Could you repeat, word for word, the line with "Smileyworld Пуховые куртки" and every line after it in the records below, leaving out any pictures?

==========

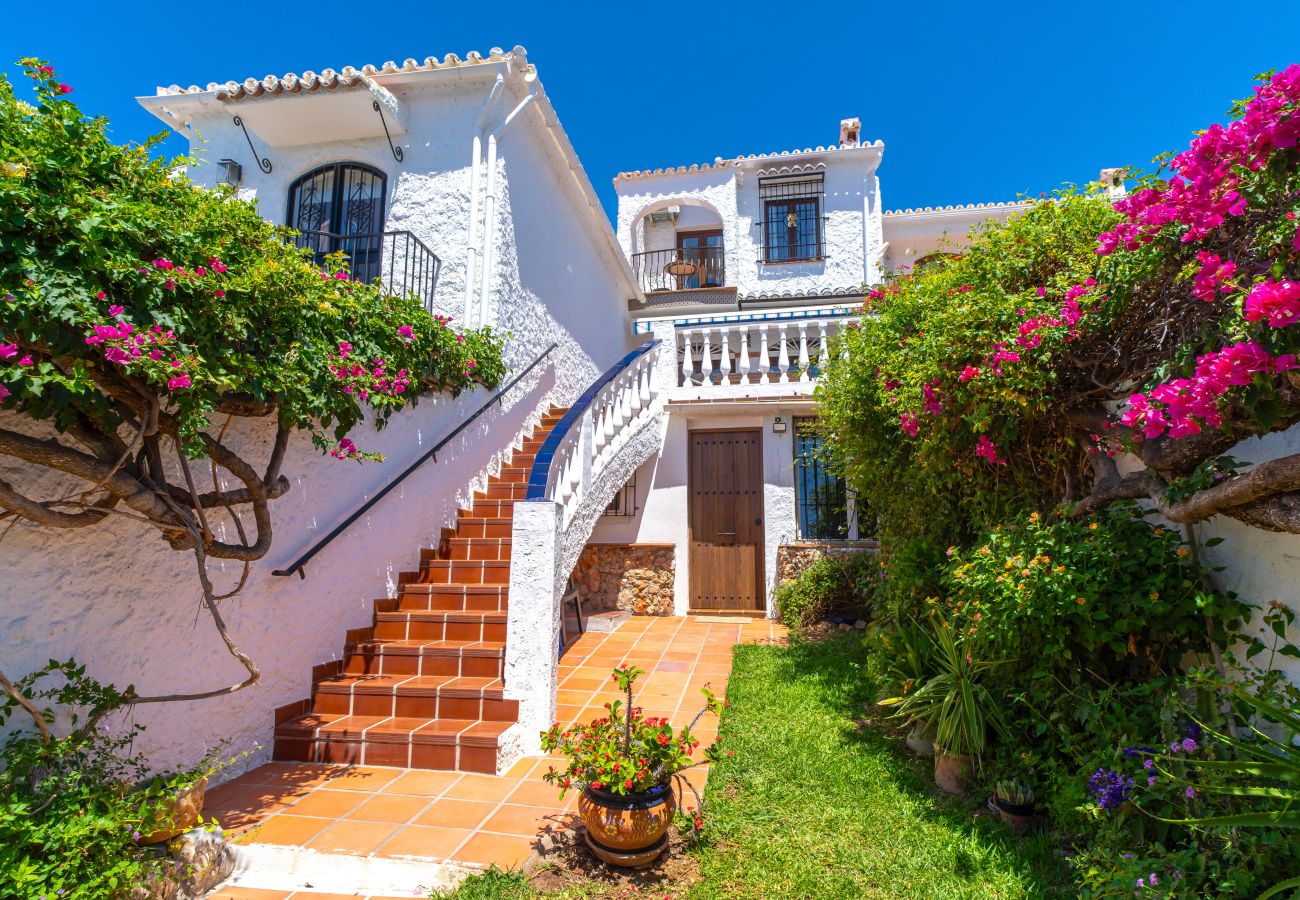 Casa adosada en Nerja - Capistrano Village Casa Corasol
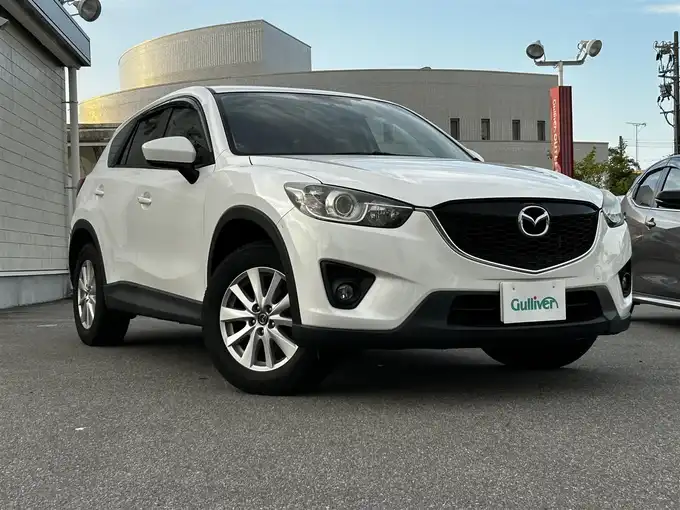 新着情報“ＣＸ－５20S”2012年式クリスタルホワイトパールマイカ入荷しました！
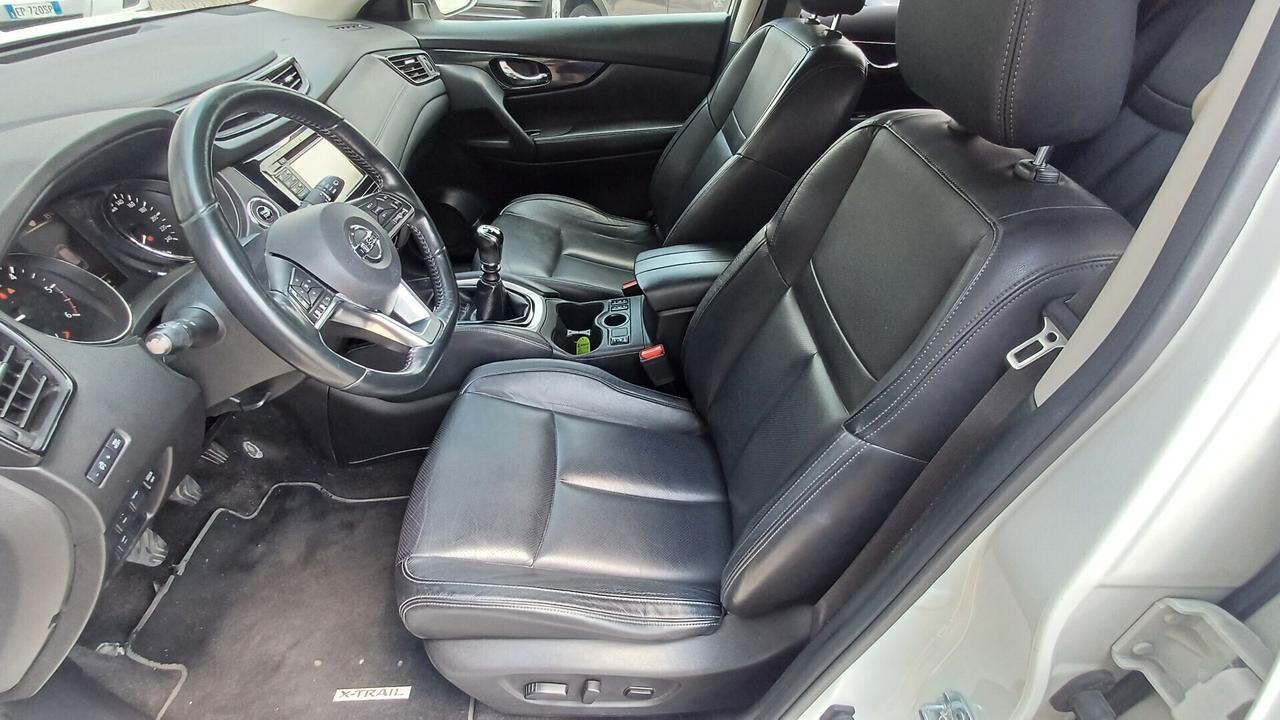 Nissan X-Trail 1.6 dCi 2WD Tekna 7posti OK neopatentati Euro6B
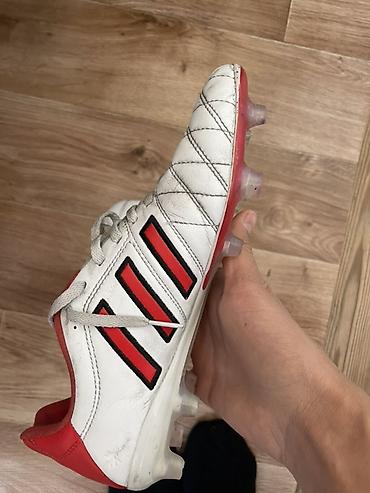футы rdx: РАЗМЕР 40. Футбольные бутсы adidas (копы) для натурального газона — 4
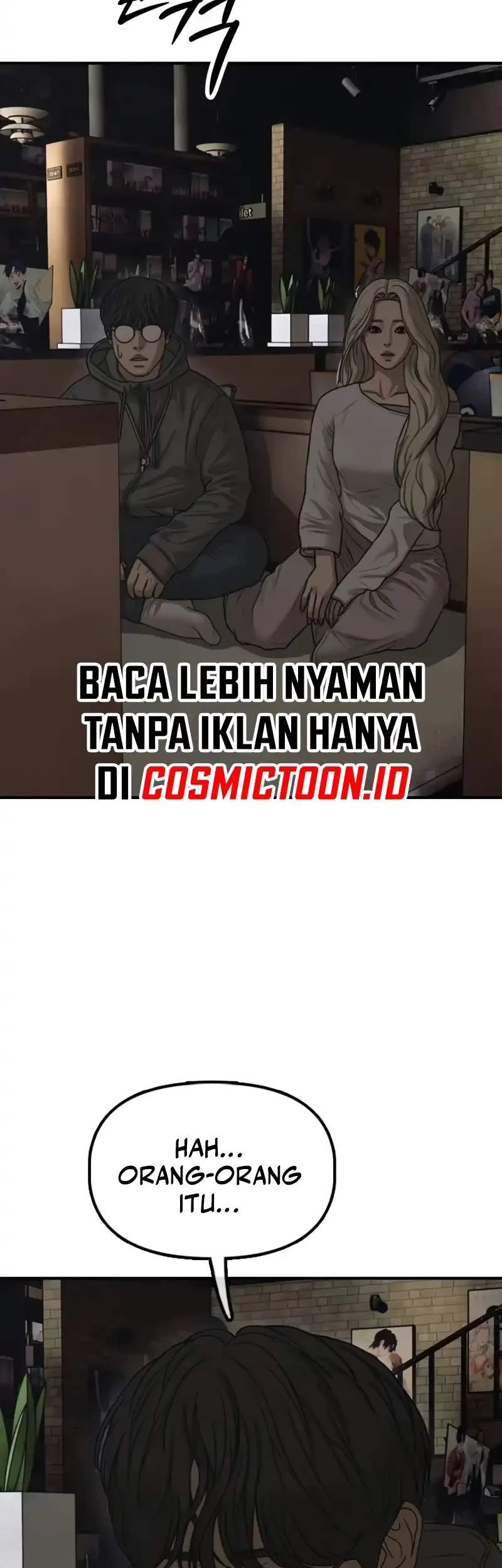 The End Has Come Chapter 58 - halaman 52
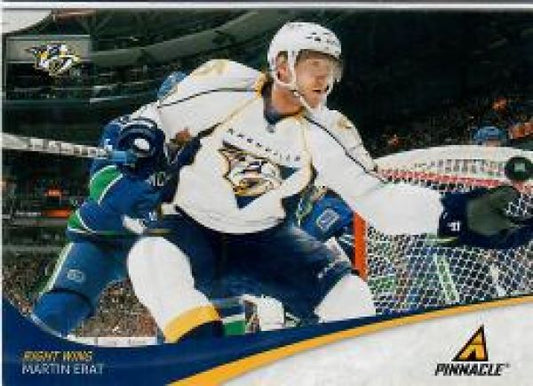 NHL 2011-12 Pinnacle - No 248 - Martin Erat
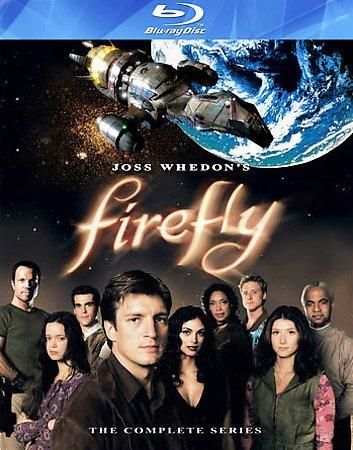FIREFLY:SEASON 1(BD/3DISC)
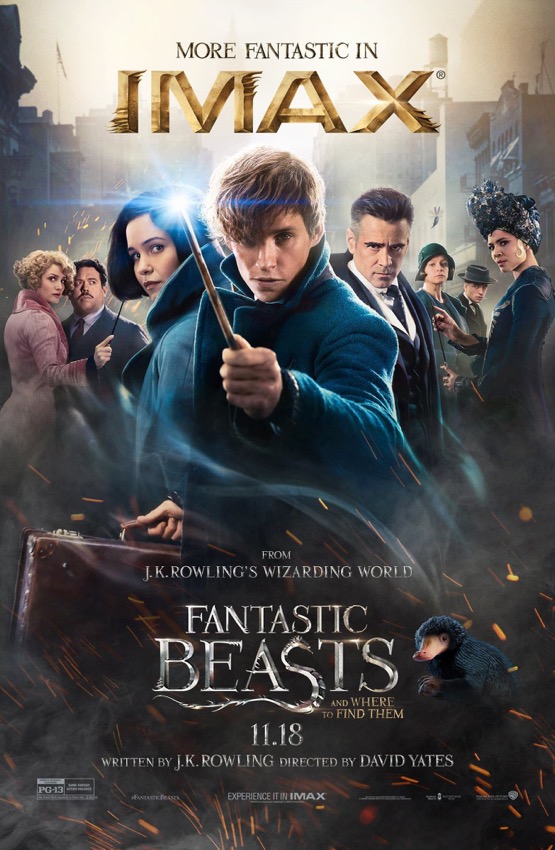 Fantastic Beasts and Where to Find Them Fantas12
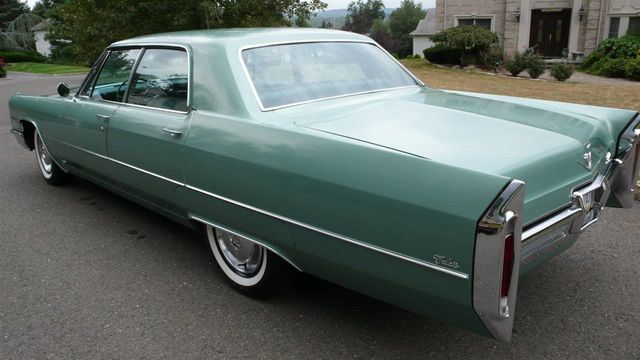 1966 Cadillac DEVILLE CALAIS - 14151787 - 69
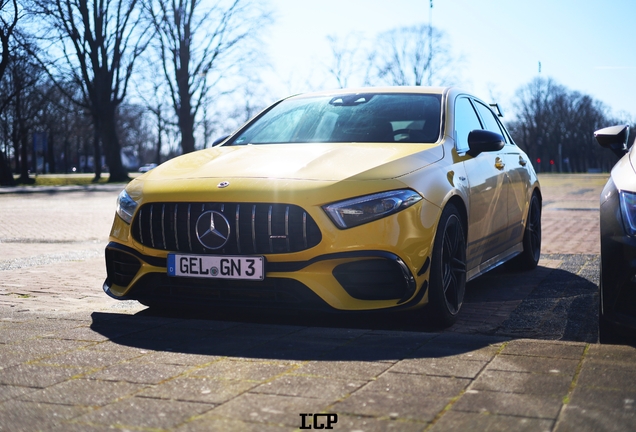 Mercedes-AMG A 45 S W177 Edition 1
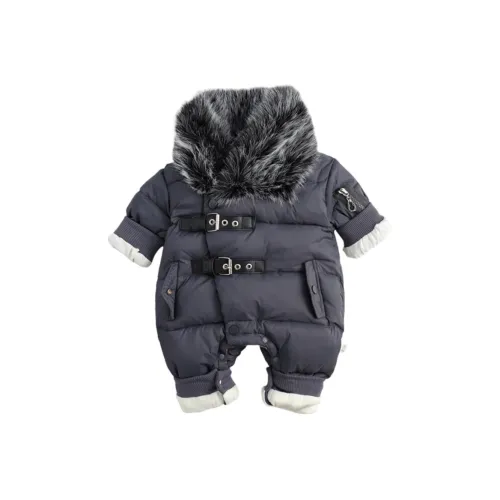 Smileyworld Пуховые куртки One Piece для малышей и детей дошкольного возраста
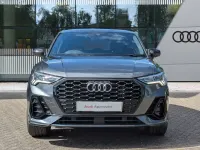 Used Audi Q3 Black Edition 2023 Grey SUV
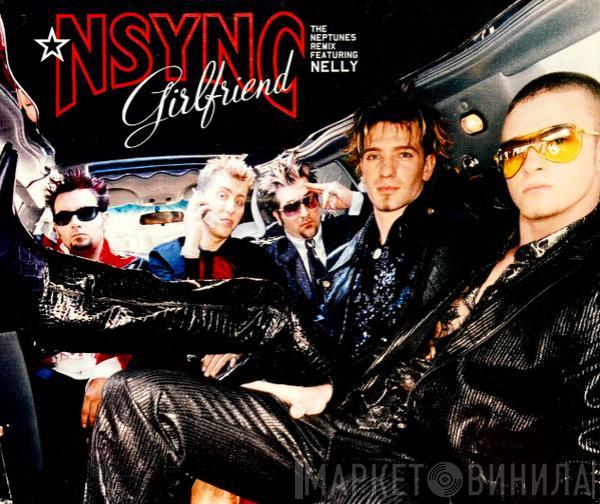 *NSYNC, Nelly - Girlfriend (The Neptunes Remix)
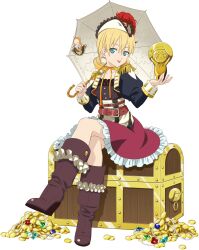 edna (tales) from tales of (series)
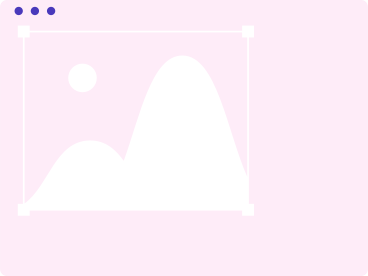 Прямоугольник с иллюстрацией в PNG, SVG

==========

[Response box]
 Smileyworld Пуховые куртки One Piece для малышей и детей дошкольного возраста
 Used Audi Q3 Black Edition 2023 Grey SUV
 *NSYNC, Nelly - Girlfriend (The Neptunes Remix)
 edna (tales) from tales of (series)
 Прямоугольник с иллюстрацией в PNG, SVG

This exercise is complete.